Looking at the posterior: accuracy and uncertainty of neural-network predictions

TL;DR

This paper investigates how Bayesian posterior distributions can quantify uncertainty in neural network predictions, revealing complex relationships between uncertainty types, model architecture, and dataset properties, with implications for active learning.

Contribution

It demonstrates the intricate dependence of prediction accuracy on epistemic and aleatoric uncertainties and introduces a novel acquisition function for active learning.

Findings

Prediction accuracy depends on both epistemic and aleatoric uncertainty.

The relationship between uncertainty and accuracy varies with model architecture and dataset.

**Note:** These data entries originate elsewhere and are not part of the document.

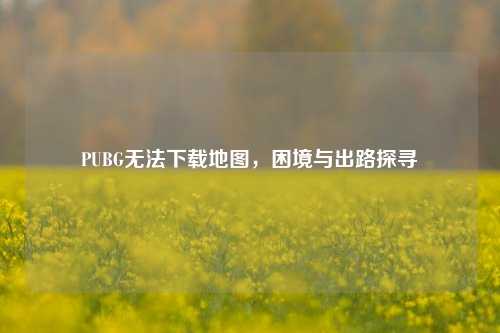 PUBG无法下载地图,困境与出路探寻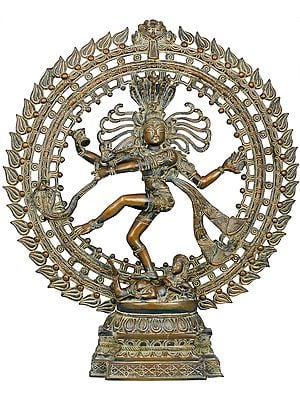 22" Lord Shiva as Nataraja In Brass | Handcrafted In India
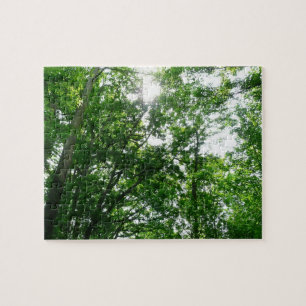 Zu den Sommerbäumen aufblicken Puzzle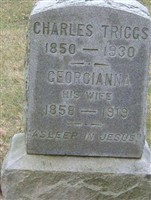 Georgianna Triggs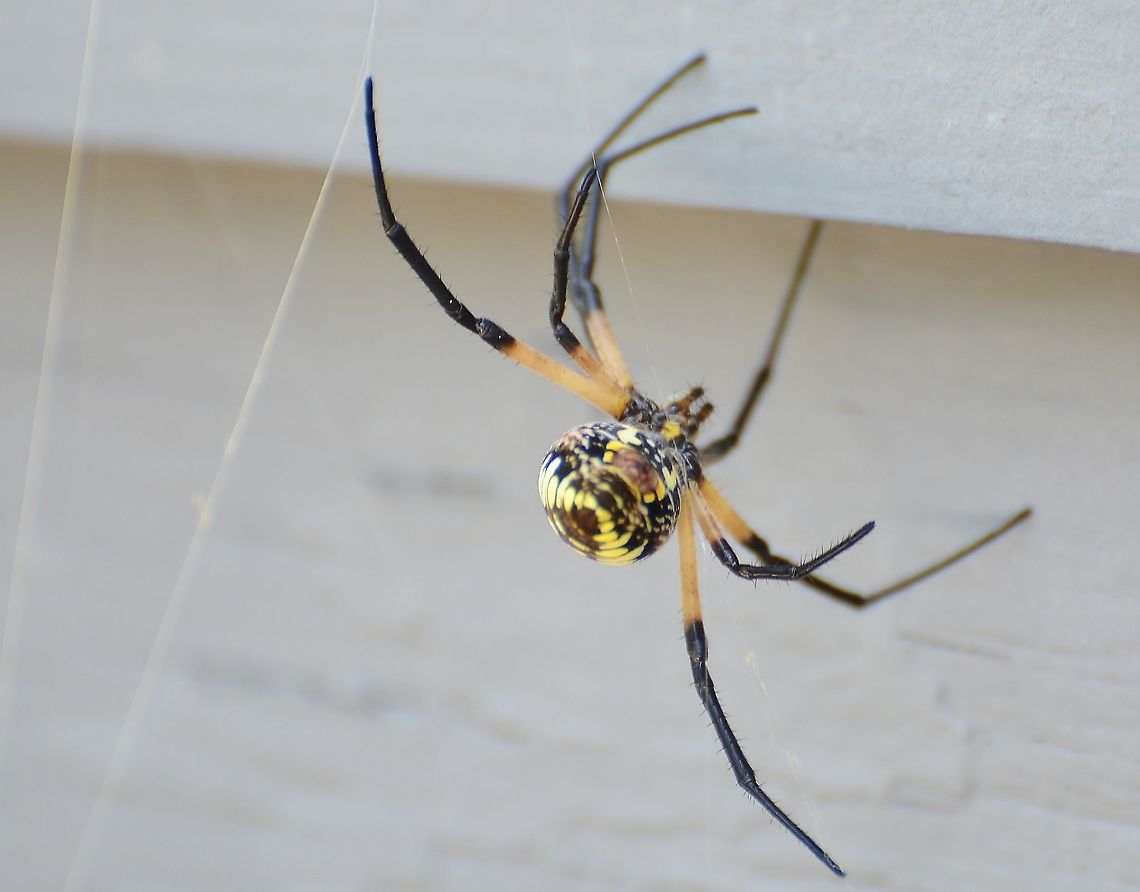Argiope Aurantia Back view of  Yellow Garden spider<br />
<figure class="photo"><a href="https://www.jungledragon.com/image/119281/argiope_aurantia.html" title="Argiope Aurantia"><img src="https://s3.amazonaws.com/media.jungledragon.com/images/4330/119281_thumb.JPG?AWSAccessKeyId=05GMT0V3GWVNE7GGM1R2&Expires=1767225610&Signature=6CwPH%2BBs3iCTYW7mYx6FunWjljY%3D" width="200" height="134" alt="Argiope Aurantia Found near its zig-zag web on the side of my house.<br />
<br />
https://www.jungledragon.com/image/119282/argiope_aurantia.html<br />
<br />
 Argiope aurantia,Geotagged,Summer,United States,Yellow Garden Spider" /></a></figure><br />
 Argiope aurantia,Geotagged,Summer,United States,Yellow Garden Spider
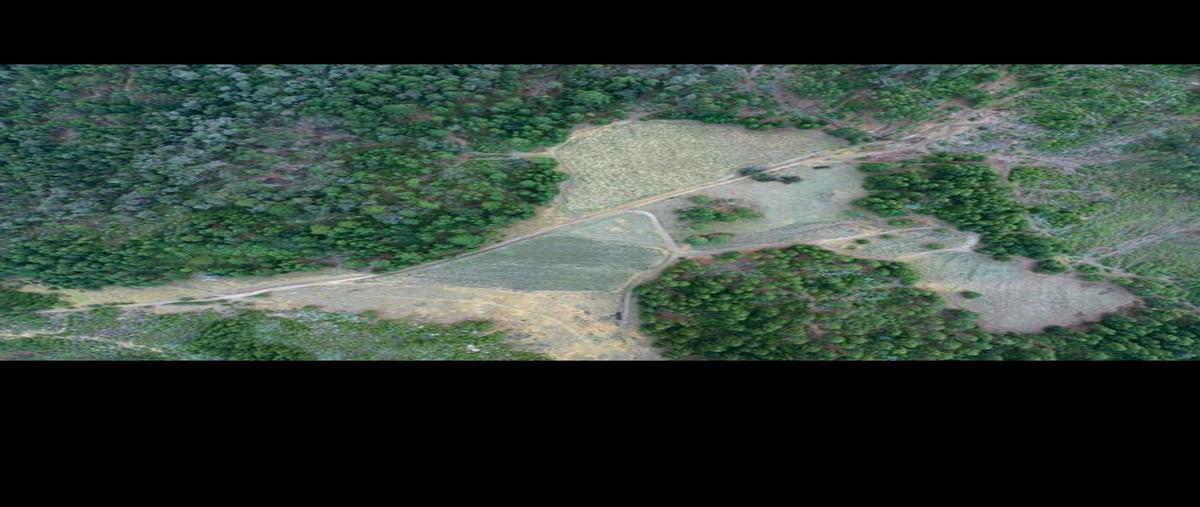 Foto de terreno comercial en venta en valle alto , juanacatlan, tapalpa, jalisco, 26093861 No. 03
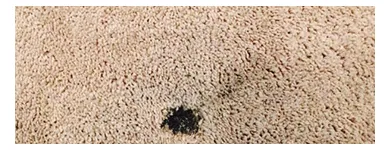 Business 3 image INVISIBLE CARPET REPAIR BRISBANE Business Supplies in Brisbane QLD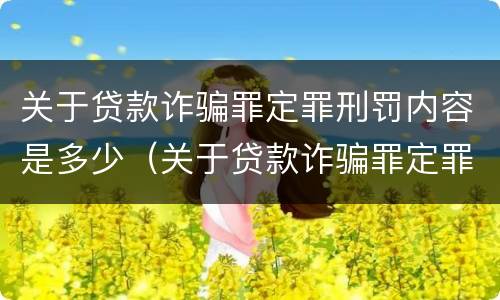 关于贷款诈骗罪定罪刑罚内容是多少（关于贷款诈骗罪定罪刑罚内容是多少个）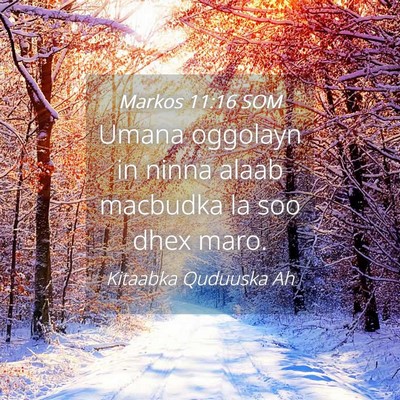 Picture 04 - Markos 11:16 SOM - Umana oggolayn in ninna alaab macbudka la soo - Bible Verse Picture
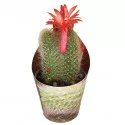 Cactus Coadă de maimuță (Hildewintera colademononis) la ghiveci ø 6,5 cm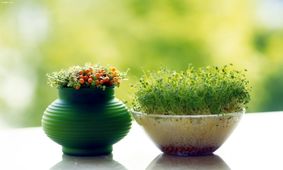 آموزش کاشت سبزه تخم کدو برای نوروز 96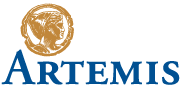 Carlton Juniors are sponsored by Artemis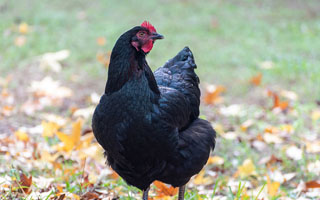 Australorp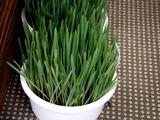 20100809_船橋市_犬猫たのし草_猫草_ペットグラス_1054_DSC03837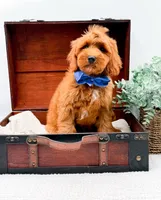 Paulie, a male Miniature Goldendoodle for sale in Statesville, NC – 6 of 10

A new acquisition function outperforms existing uncertainty-based methods.

Abstract

Bayesian inference can quantify uncertainty in the predictions of neural networks using posterior distributions for model parameters and network output. By looking at these posterior distributions, one can separate the origin of uncertainty into aleatoric and epistemic contributions. One goal of uncertainty quantification is to inform on prediction accuracy. Here we show that prediction accuracy depends on both epistemic and aleatoric uncertainty in an intricate fashion that cannot be understood in terms of marginalized uncertainty distributions alone. How the accuracy relates to epistemic and aleatoric uncertainties depends not only on the model architecture, but also on the properties of the dataset. We discuss the significance of these results for active learning and introduce a novel acquisition function that outperforms common uncertainty-based methods. To arrive at our results, we approximated the posteriors using deep ensembles, for fully-connected, convolutional and attention-based neural networks.